Make no mistake, large tech companies are aware of this opportunity to extract more wealth from Third World nations. Cassava Technologies announced in October that NVIDIA had made a major investment in their company to address "Africa's compute gap." Part of this push includes building "AI factories" to produce GPUs in countries like Kenya, Egypt, South Africa, Morocco and... Nigeria.
To draw this all back to The Local article, it then becomes a piece of a larger puzzle. It is perfectly rational and understandable why someone in a Third World country with limited options to make money would turn to generative AI. Platforms encourage usage with their policies. Withered journalistic outlets have less safeguards to evaluate new writers who use ChatGPT or Claude. Paltry payments for freelance articles, brought on by the slow starvation of news, dissuades writers in global north countries from honestly attempting to pitch. But in countries where income has been throttled by decades of neocolonialism, imperialism, instability and resource extraction, these monetary rewards are worth far more. If generative-AI streamlines this process to allow for more income, its use is a natural progression. This is not to blame each individual "Victoria Goldiee," but to point out that this is a systemic issue. Of course, with the environmental impacts of generative AI use, people in Third World countries are far more likely to suffer the effects of climate change.

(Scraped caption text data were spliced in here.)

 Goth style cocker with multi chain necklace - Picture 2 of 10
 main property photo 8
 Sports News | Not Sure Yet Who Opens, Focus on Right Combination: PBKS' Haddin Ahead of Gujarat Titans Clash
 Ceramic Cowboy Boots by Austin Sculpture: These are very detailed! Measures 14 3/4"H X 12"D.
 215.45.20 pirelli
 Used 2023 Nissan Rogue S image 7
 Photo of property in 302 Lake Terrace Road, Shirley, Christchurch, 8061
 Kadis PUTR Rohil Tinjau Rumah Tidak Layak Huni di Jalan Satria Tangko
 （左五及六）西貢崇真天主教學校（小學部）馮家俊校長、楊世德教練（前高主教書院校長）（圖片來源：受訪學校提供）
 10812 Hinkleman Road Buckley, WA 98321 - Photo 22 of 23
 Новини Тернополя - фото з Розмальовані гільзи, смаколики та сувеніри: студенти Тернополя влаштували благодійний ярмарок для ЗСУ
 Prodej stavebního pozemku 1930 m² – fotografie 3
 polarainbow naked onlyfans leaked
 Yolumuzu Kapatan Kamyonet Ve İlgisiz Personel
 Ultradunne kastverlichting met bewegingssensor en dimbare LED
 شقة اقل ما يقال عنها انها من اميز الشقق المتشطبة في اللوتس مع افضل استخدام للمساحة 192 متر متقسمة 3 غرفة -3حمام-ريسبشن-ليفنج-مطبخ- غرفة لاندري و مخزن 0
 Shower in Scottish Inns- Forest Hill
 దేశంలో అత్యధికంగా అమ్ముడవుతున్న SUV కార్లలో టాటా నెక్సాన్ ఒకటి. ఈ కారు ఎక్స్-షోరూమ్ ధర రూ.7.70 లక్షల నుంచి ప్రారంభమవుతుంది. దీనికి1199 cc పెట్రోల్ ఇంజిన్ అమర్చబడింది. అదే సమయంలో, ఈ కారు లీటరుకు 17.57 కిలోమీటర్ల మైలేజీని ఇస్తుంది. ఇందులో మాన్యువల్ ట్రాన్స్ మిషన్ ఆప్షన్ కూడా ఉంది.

In short, wealthy white capitalists in the global north created technology to boost valuation of their companies. Usage of these tools, in turn, was incentivized by big tech platforms offering monetary rewards– payments that would go furthest in Third World countries. People in those countries then use these tools to push disinformation and further boost usage statistics for these companies. These statistics, gathered by the companies, are then used to justify further resource extraction, damaging the climate and these Third World countries in particular.
It's clear that the disinformation crisis of generative AI, and the impact it's having on news outlets around the world, is fundamentally tied into both the economic and social exploitation of the Third World. It's important that this dynamic was brought up in The Local reporting, as tackling the issue without this material analysis fails to paint the full picture of the continuing exploitation that plagues the world.